Detroit quickly became a valuable French military asset. As early as 1745 small Indian raiding parties were being outfitted in Detroit, and by 1747 the Detroit garrison had assumed considerable importance in preparing Indian expeditions. Although peace was declared in 1748 both France and England viewed this action as little more than a temporary truce. Detroit continued to serve as an important French outpost. In 1749, and again in 1751 and 1754, France gave special supplies and concessions to groups of settlers who agreed to come to the community and strengthen it.

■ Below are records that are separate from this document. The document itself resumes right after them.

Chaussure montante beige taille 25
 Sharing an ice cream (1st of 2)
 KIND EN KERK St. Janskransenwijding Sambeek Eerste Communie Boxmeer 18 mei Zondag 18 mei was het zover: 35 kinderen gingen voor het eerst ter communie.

During this period of armed truce, both France and England decided to make good on conflicting claims to the Ohio River valley south of Detroit. Both nations had asserted sovereignty over the region for decades, but before the 1740s there had been little effort to resolve or enforce the conflicting claims. In 1748, however, Virginia granted a group of speculators up to 500,000 acres in the area if they began a settlement. This threat of wide-scale English settlement added to French anxiety created by the British fur traders and military already operating in the upper Ohio valley.

Although France and Britain remained technically at peace, as early as 1749 the French in Canada began to respond militarily to British "provocations." In 1752 a raiding party was organized at Detroit and succeeded in destroying Pickawillany, a British fort in Ohio. After the fort's fall, the Indians who had allied themselves with the British were savagely attacked. In 1754 the two nations formally went to war. A seven-year, global conflict followed, which ultimately led to France's defeat and the loss of Canada to the British.

France would lose the war, but in the first years of the conflict French Canada fared well and French-allied Indians continued to use Detroit as a supply and staging area. In 1757 the situation in the Northwest so favored the French that several of England's Indian allies, believing the British cause was lost, assembled at Detroit to make their peace with France. But France's early victories were succeeded by ever-more-grievous defeats. As the fortunes of war changed, Detroit became an important French defensive position. By 1759 the French garrison at Detroit was feverishly preparing for a British attack. The British, however, who believed they could win a decisive battle in eastern Canada, concentrated their military forces there and ignored France's western outposts. This strategy proved to be correct. After the British captured Montreal, the governor-general of New France surrendered all of Canada, including Detroit, to the British. As a result of the surrender, British soldiers took charge of Detroit on November 29, 1760, without firing a shot.